BAM et l’ANRF organisent à Rabat un atelier contre le phishing financier
Bank Al‑Maghrib et l’ANRF renforcent la lutte contre le phishing lors d’un atelier à Rabat
À Rabat, Bank Al‑Maghrib et l’ANRF ont tenu un atelier pour contrer la hausse du phishing, renforcer la coordination nationale et protéger les usagers.
Un atelier organisé vendredi à Rabat par Bank Al‑Maghrib (BAM) et l’Autorité nationale de renseignement financier (ANRF) a rassemblé responsables publics, superviseurs bancaires et experts pour faire le point sur la recrudescence des escroqueries financières par phishing et définir mesures de prévention et de détection. Les intervenants ont alerté sur la sophistication croissante des techniques frauduleuses et souligné la nécessité d’un renforcement coordonné des dispositifs réglementaires, opérationnels et de sensibilisation des usagers.
Atelier à Rabat sur le phishing
La réunion a servi de plateforme pour présenter les typologies d’escroquerie observées récemment, notamment les faux messages bancaires, les liens malveillants diffusés via les réseaux sociaux et l’usurpation d’identité d’institutions financières et publiques. Le président de l’ANRF, Jawhar Nfissi, a rappelé que la digitalisation accélérée des services financiers expose davantage les consommateurs et les flux financiers à des risques nouveaux et multiformes.
Montée des escroqueries et techniques observées
Les autorités ont décrit comment les fraudeurs recourent désormais à l’ingénierie sociale et à des stratégies de manipulation psychologique pour pousser les victimes à divulguer elles‑mêmes des informations confidentielles. Outre le phishing classique, les échanges ont abordé les comptes rebonds et d’autres mécanismes utilisés pour rendre les circuits frauduleux plus difficiles à tracer, augmentant ainsi le risque d’intégration des fonds illicites dans le système financier.

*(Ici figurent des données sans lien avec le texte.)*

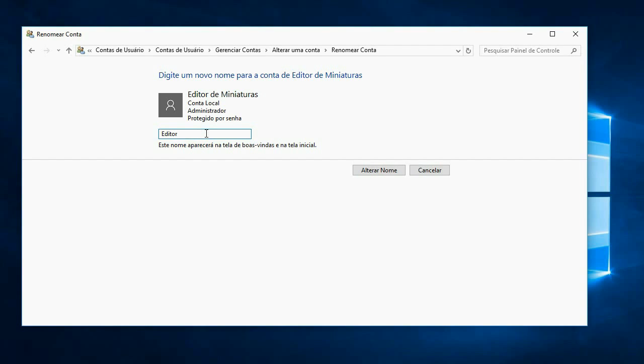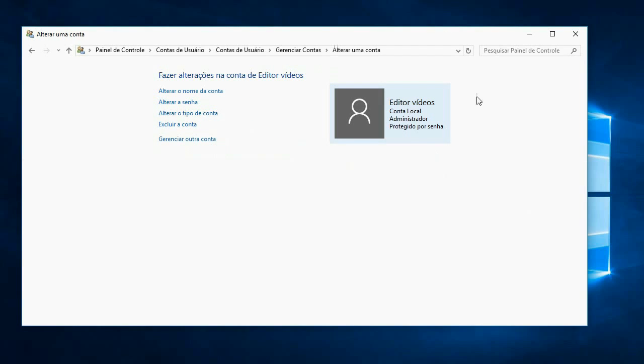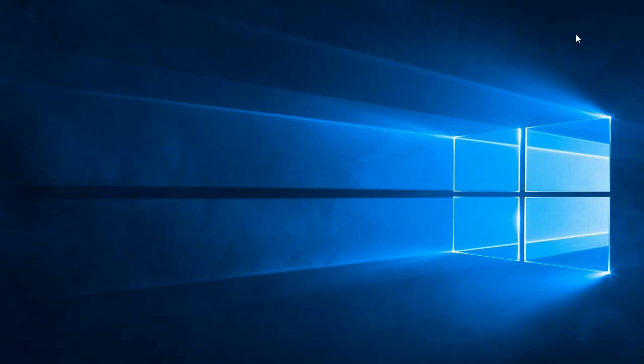So let's put it video editor - it is an example - and we'll click on change name. And okay guys, here is how to change names in Windows 10. I ask you to give a like in the video.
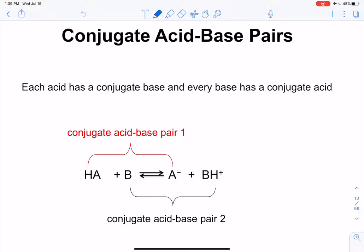Hi students, Professor Gray here. We need to continue on with the acid-base chapter. In this lecture we're going to talk about conjugate acid-base pairs, and then we'll do some molecular equations, total ionic equations, and net ionic equations. So first, conjugate acid-base pairs.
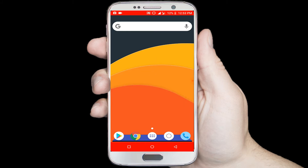You can use split screen mode for multitasking on your android phone. First you need to download one application from Google Play Store, so I am opening Google Play Store.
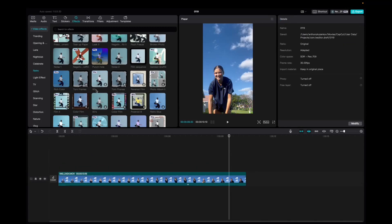Welcome back to 8482 Media. Today I have a quick one for you guys on how to find and utilize the Torn Frames effect on CapCut. So initially what you're going to want to do is go up to Media, click and drag your clip to the timeline.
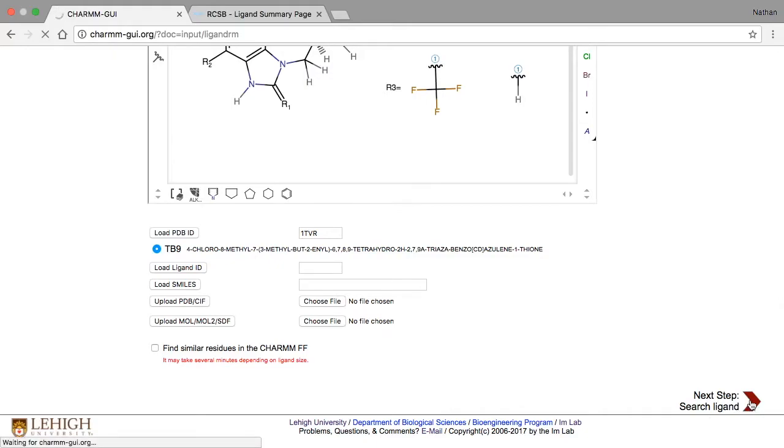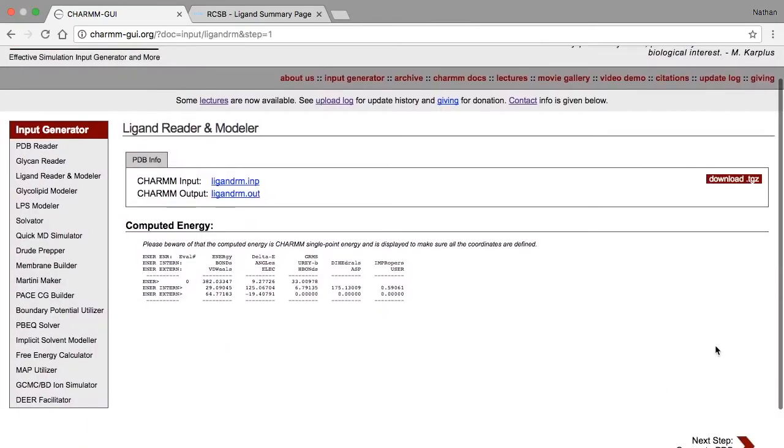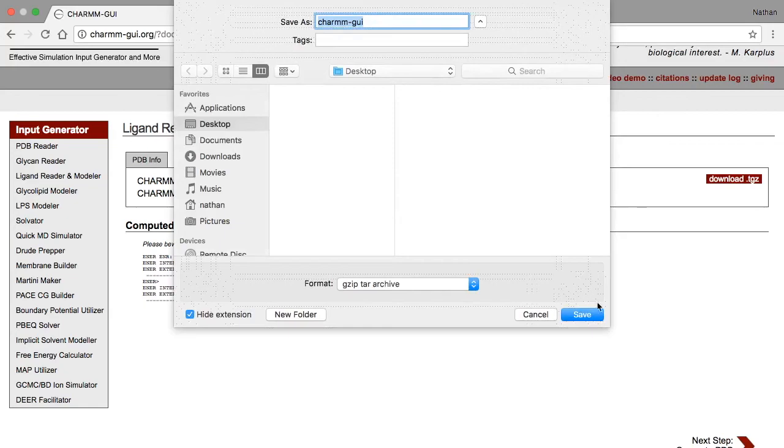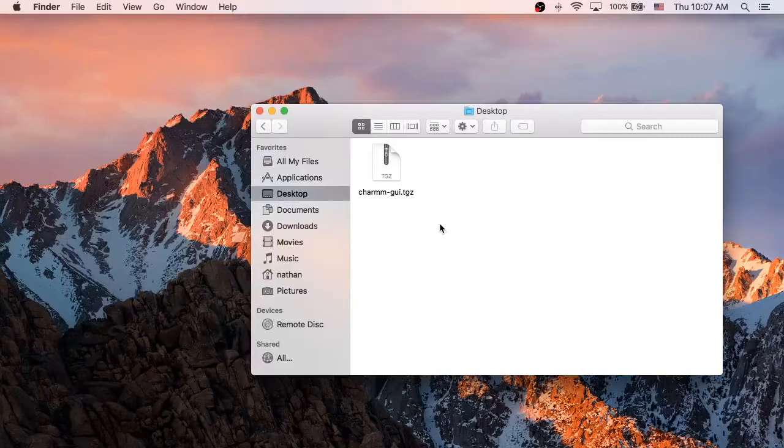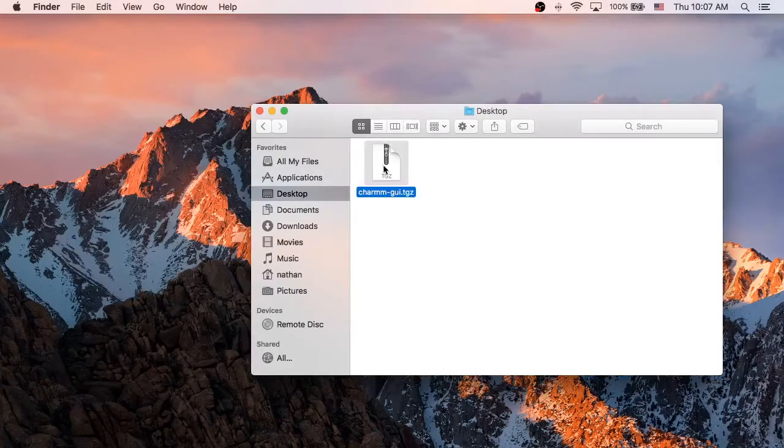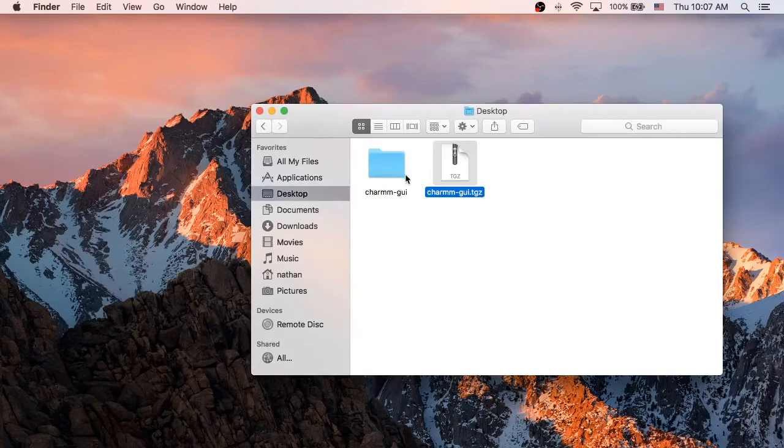Ligand Reader and Modeler will then take care of generating every possible combination of replacements. This should result in 12 structures. Download the results, then extract and open the Charm GUI folder.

Réponses réglementaires de Bank Al‑Maghrib
Bank Al‑Maghrib a présenté ses actions réglementaires et de supervision visant à accompagner la transformation numérique du secteur bancaire tout en élevant le niveau de sécurité et de résilience. Le régulateur a publié un guide de bonnes pratiques en juillet 2024 pour aider les établissements de crédit à lutter contre le phishing, puis un second guide en juillet 2026 consacré aux risques liés aux comptes rebonds, afin de mieux encadrer ces vulnérabilités opérationnelles.
Coordination nationale et partage d’information
Les intervenants ont insisté sur la nécessité d’une mobilisation collective impliquant autorités de supervision, établissements financiers, autorités judiciaires, forces de l’ordre, opérateurs de télécommunications et citoyens. Le renforcement du partage d’informations et de la coordination opérationnelle entre ces acteurs a été présenté comme indispensable pour améliorer la prévention, accélérer la détection des incidents et optimiser le traitement des plaintes et enquêtes.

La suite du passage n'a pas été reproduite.